Mezzanine Financing - A type of hybrid capital used to fund a startup in their adolescent stage. A popular form of debt financing that also includes equity options. But with this startups no longer stay as a budding company but it is yet to go public, thus typically gets referred as “mezzanine” companies.
Opium - Opium or “others people’s money” comes in the shape of seed and series of X investments. It is something incredible and addictive to entrepreneurs that are hardly respected or dries up until we miss it or it dries up.
PoC - Proof of Concept or PoC is a complete cycle that proves your idea that might work for at least one customer. VCs require proof of concept if you wish to pitch your Startup.
Pro Rata Rights - As the word pro-rata means "staying in proportion." So a VC with their pro-rata rights gets an option to increase the ownership of his or her company during the subsequent rounds of startup funding.
Quinquagintacorn – It is a popular term used for a Startup that is worth $50 Billion or more. The best example for Quinquagintacorn is Uber.
Ramen Profitable - The profits which are enough to cover the cost and basic living expenses for everyone working inside the Startup.
Runaway - How much time you have in your hand until the cash runs out of your hand and you must turn off the lights.
Scale Up - This is a process by which a startup can plan to grow in terms of size, market, and their demography.
Stealth Mode - This is the process to run a startup keeping its product or services under the wraps, so it does not allow a potential competition. Example an airplane flying under the radar.
Space - It means referring to the market or industry and often saved for the new emerging market and its variety of segments. Such as we’re focused on the social commerce space.
Unicorpse - A startup buzz term raking the industry since the last quarter of 2017. Unicorpse is none but those former unicorns, who are now valued less than $1 Billion. The best example of this stance is Snapdeal from India.
Vanity Metrics - This is nothing but the statistics often used to show the growth of a startup that hardly means anything. Such as the Twitter impressions of a startup.
Viral Mechanics - This is a simple technique embedded in your application to get more users through referrals like Dropbox asks to invite more than 10 friends to get some extra space in their place.
Vesting Period - It is a time period when an investor holding a right to its company forced to wait until they are able to fulfill and exercise their rights to the fullest.
Vaporware - The product you are selling, but you have not made it and neither in future, you will develop one.
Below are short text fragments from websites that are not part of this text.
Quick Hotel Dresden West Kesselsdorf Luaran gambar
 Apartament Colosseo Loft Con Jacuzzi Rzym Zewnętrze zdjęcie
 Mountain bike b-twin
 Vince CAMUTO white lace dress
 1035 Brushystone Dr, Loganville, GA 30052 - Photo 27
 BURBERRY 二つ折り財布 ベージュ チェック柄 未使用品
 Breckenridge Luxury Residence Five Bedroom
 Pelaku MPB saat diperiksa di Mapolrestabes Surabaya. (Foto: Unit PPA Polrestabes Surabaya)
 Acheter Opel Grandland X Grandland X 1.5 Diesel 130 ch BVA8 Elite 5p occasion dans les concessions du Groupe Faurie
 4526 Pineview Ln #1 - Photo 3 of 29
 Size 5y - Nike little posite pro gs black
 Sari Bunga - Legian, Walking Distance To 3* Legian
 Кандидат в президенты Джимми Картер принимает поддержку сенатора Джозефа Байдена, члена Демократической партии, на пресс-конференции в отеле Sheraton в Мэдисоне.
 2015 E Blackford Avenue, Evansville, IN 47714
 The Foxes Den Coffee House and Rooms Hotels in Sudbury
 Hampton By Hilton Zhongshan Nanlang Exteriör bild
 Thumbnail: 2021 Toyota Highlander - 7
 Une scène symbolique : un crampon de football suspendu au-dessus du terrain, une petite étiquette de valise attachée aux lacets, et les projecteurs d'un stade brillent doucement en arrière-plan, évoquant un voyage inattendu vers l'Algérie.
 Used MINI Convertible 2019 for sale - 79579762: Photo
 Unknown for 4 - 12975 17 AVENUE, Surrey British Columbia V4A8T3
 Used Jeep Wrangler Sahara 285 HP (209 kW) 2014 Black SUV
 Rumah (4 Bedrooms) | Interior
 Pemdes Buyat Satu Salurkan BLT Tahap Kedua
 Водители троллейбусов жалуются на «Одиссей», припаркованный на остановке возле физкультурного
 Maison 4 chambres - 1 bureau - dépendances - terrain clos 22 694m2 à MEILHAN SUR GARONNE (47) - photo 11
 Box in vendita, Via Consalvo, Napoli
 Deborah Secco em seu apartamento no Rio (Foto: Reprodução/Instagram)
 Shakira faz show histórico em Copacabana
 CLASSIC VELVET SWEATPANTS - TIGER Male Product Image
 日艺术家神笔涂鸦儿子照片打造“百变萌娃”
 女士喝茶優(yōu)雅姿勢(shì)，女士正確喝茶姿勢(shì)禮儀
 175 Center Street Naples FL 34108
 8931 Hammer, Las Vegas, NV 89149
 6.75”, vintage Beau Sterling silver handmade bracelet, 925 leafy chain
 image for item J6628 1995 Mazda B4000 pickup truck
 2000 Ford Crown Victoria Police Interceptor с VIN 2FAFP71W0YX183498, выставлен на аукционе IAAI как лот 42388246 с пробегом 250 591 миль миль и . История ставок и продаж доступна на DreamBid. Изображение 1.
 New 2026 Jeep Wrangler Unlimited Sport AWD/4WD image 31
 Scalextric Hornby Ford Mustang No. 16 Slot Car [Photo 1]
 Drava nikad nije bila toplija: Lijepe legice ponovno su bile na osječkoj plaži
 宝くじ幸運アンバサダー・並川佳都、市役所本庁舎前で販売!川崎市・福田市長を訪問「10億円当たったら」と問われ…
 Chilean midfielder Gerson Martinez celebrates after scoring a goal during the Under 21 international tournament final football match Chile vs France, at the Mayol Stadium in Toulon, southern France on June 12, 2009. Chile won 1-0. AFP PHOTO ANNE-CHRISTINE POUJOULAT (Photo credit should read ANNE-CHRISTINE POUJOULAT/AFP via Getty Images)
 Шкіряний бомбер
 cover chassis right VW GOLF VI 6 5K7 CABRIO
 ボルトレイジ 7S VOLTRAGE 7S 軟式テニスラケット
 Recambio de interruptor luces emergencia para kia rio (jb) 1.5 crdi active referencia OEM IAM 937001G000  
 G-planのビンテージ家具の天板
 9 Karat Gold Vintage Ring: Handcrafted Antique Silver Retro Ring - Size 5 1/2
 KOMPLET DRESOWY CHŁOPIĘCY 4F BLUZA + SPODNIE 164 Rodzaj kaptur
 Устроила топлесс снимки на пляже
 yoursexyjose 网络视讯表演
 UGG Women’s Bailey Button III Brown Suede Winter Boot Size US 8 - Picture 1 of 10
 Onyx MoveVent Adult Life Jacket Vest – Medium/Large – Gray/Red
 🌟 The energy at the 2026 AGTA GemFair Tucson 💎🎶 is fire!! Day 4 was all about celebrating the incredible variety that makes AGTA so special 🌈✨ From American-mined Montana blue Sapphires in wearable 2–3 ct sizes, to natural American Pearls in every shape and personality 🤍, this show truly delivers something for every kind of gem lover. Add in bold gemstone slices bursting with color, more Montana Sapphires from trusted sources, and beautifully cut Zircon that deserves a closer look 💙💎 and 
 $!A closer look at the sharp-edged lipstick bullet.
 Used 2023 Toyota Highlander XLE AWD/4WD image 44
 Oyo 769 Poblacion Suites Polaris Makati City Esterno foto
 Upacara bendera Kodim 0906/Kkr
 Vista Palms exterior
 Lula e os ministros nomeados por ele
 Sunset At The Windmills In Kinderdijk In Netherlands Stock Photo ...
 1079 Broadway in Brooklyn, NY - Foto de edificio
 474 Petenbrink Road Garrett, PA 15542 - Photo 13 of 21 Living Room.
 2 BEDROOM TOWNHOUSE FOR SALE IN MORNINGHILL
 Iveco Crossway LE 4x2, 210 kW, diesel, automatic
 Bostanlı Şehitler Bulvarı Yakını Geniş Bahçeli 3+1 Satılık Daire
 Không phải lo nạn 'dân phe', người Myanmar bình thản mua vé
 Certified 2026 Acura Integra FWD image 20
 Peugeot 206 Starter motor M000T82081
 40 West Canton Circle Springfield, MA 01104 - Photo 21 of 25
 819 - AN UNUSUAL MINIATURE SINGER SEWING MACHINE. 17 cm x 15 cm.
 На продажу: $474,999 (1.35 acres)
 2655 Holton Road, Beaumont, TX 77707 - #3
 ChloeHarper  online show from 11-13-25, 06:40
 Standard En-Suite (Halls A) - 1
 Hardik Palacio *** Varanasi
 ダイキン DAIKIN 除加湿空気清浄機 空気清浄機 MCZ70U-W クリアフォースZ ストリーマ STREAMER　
It is a way to test market your demand, though you might find it a little sleazy, so you must pick up the concept.
We’re the X of X - Used by the upcoming startups when they compare themselves to a bigger and established brand since they don’t have any other word to explain their business. Say “I am the Uber for your Laundry” or “We’re the Dropbox for Serial Entrepreneurs”.
Zombies - They are yet another form of startupreneurs who takes pride in the fact that they will never tell, “I will shut down my startup.” Even though the business hits a dead end and falters to show growth, but still drags itself with a hope that things will get better someday.